Dhaka/Guwahati: The Asia Pacific Forum of Environmental Journalists (APFEJ) welcomes the decision of the Assam government’s forest department in far eastern India to dispose of the rhino horns to be discriminating in its message that rhino horns do not carry any aphrodisiac quality for which the rhinos are poached across the world. But, it puts forward a condition that the horns should be scientifically confirmed as real ones.

“There is ample scope for the apprehension that, with the opportunity,  many fake rhino horns would be disposed and those might be smuggled into the international market. Need not to mention that the rhino horns, because of the superstition (linked to Viagra), can fetch a million dollars in the illegal markets spread across east Asia,” said a statement issued by the journalists’ forum, headquartered in Dhaka.

It may be mentioned that the environment and forest department of Assam has started a process to verify over 2,500 rhino horns seized from poachers, smugglers, or extracted from dead animals over the last four decades. The State wildlife warden Amit Sahai gave a media statement to inform that the verification process of rhino horns in the districts of  Kamrup, Barpeta and Morigaon was already completed.

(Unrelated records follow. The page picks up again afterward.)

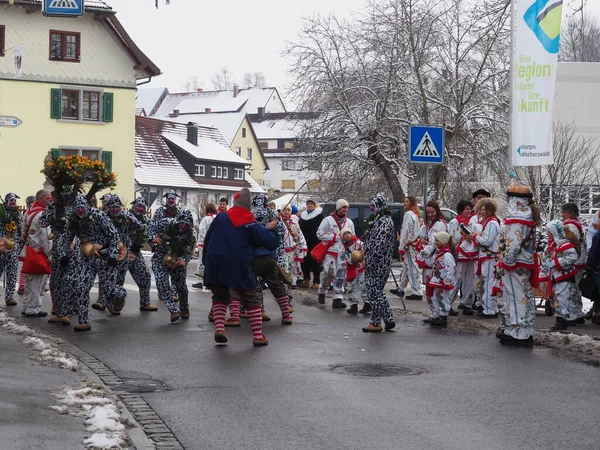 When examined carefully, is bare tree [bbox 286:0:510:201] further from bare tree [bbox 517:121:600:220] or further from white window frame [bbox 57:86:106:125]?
white window frame [bbox 57:86:106:125]

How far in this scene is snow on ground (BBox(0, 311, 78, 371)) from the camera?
10743 mm

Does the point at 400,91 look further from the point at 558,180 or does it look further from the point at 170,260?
the point at 170,260

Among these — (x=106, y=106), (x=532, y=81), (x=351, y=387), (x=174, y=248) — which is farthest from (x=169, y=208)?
(x=106, y=106)

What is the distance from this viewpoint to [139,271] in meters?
17.5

Sahai also informed that the forest department prefers to dispose of most of the rhino horns on India’s national elephant appreciation day, 22nd of September. The chief wildlife warden MK Yadava declared that around five percent of those horns would be preserved for education, awareness and scientific purposes. However, he admitted that the department would take a final decision after a public hearing scheduled for 29th of August.

“Officially known as the greater one-horned rhinoceros and found primarily in India and Nepal, the rhinos are listed as vulnerable on the IUCN red list. Assam in northeast India alone gives shelter to over 2650 one-horned rhinos in its forest reserves. World-famous Kaziranga National Park is known for its more than 2,400 rhinos along with other precious wildlife,” added the APFEJ statement, released exclusively to media outlets in the Asia Pacific region.

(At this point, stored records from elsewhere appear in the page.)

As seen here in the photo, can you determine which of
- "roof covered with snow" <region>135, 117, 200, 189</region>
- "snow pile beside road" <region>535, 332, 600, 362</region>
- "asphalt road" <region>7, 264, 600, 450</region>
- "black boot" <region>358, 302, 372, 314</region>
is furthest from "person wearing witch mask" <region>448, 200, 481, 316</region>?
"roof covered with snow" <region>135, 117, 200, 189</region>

“One can remember that the Assam government constituted a rhino horn verification panel in the middle of  2016 and the allegations surfaced that fake horns were being used to replace the real ones in the government treasuries. During the process, a total of 2,020 horns were reportedly found in various State treasuries,” said APFEJ president, Quamrul Islam Chowdhury and secretary,  Nava Thakuria, adding that the forest department should make its stand clear before setting the final procedure.